Biennial Woodrise conference is set to bring more than 3,000 people to the Vancouver Convention Centre
masstimberbuilding-uofvic
Mass-timber buildings have been built across B.C.

More than 3,000 people are expected to converge on Vancouver Sept. 22 through 26, 2025, for the biennial Woodrise conference, which highlights the benefits and uses for mass timber in construction. 

The choice of Vancouver could be seen as appropriate because, on a per-capita basis, B.C. has 11 times more mass-timber buildings than the rest of North America, and is a leader in wood and mass-timber construction. Vancouver is also a centre within North America for timber-design and engineering professionals.

"I understand that it was a competitive process and we were successful," Minister of Jobs, Economic Development and Innovation Brenda Bailey told BIV this afternoon about winning the bid to host the conference at the Vancouver Convention Centre.

"It really came about through FP Innovations (Forest Practices Innovations), which is a nonprofit organization that helps the forest sector with their global competitiveness. They've been very involved in this conference for quite some time and are actually one of the co-organizers."

She said the province is "gung ho" on developing the mass-timber sector in part because the growth of that sector will help B.C. generate more jobs out of each tree that is cut.

Bailey said her father was a logger and she remembers that when she was growing up, there was much talk about how to add value to timber in B.C. so raw logs would not simply be exported. 

"This is really part of addressing that challenge: How do we ensure that the value that's added to our timber supply happens in B.C., and those jobs happen here, and that additional value gets unlocked here," she said. 

Skeptics of using mass timber in construction might fear that the structures would be more heavily damaged if there were to be a fire.
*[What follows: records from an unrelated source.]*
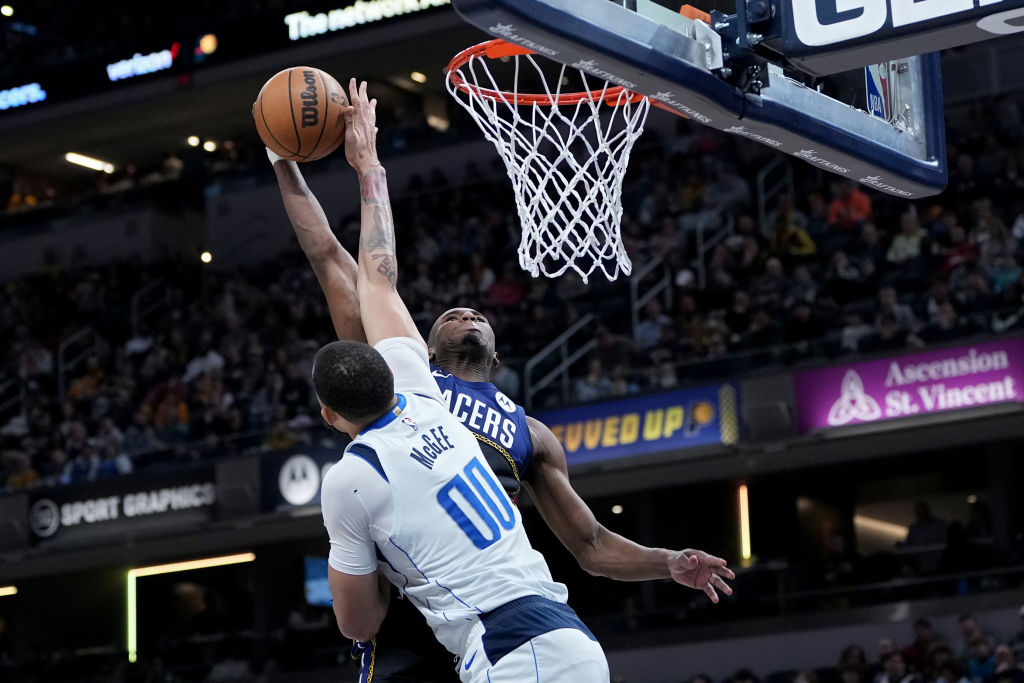 INDIANAPOLIS, INDIANA - MARCH 27: JaVale McGee #00 of the Dallas Mavericks blocks a dunk attempt by...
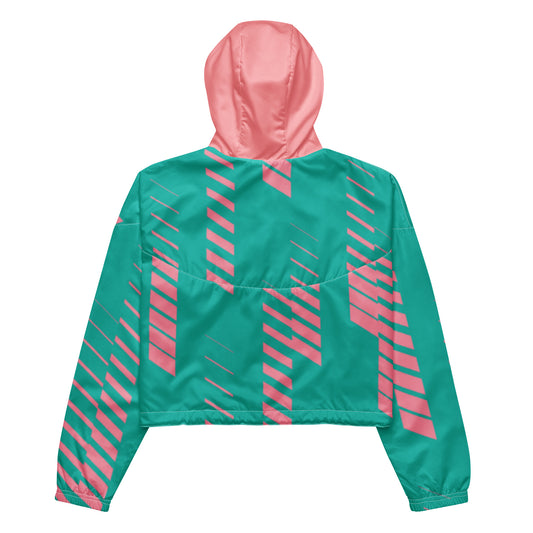 Back view of Teal and pink cropped windbreaker jacket with a half-zip front, a pink hood, and a diagonal geometric stripe pattern across the front and sleeves|IslandWear Fashion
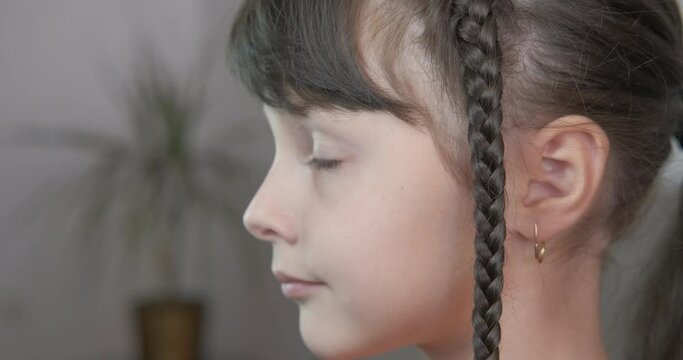 Stay at home with a pigtail. A cute child stay with a pigtail in the room.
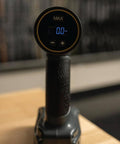 Close-up of the Wrench AutoTorque Screwdriver with Digital Display, Integrated Torque Limiter, for Gunsmithing on a wooden surface.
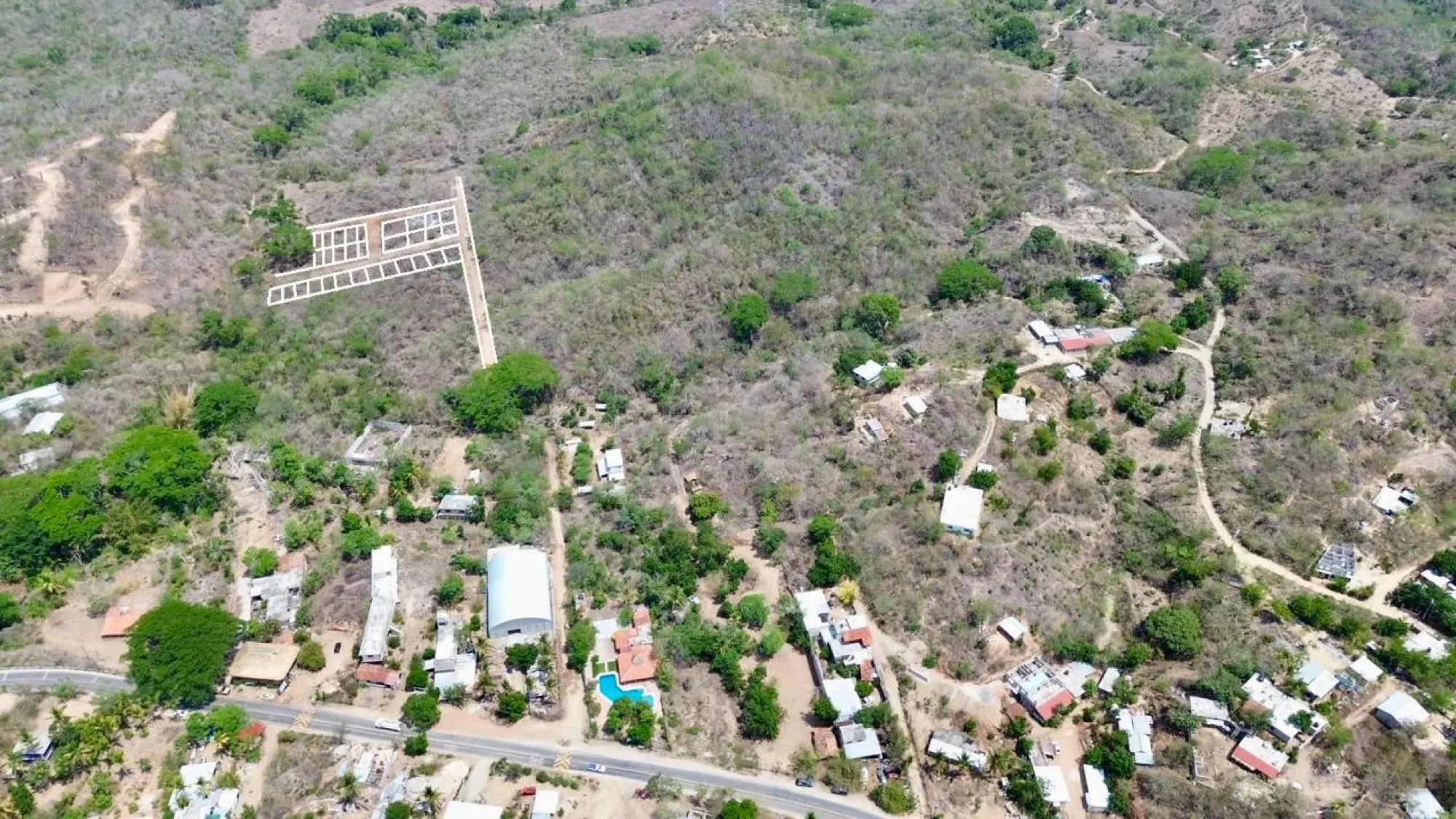 Vista aérea de un terreno con líneas blancas cerca de casas y una calle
Bailey said that she has heard of studies from a centre in Prince George that tests mass timber construction. 

The experiment raised the temperature on mass timber to about 815 degrees Celcius, while concrete and rebar was separately also heated to that level. 

"Each of them had a weight attached," she said. "The metal beam melted and bent, and the weight fell. The wooden beam didn't."

She added that another advantage of using mass timber is that construction can be quicker than using concrete because in concrete construction there needs to be more time spent waiting for the concrete to set.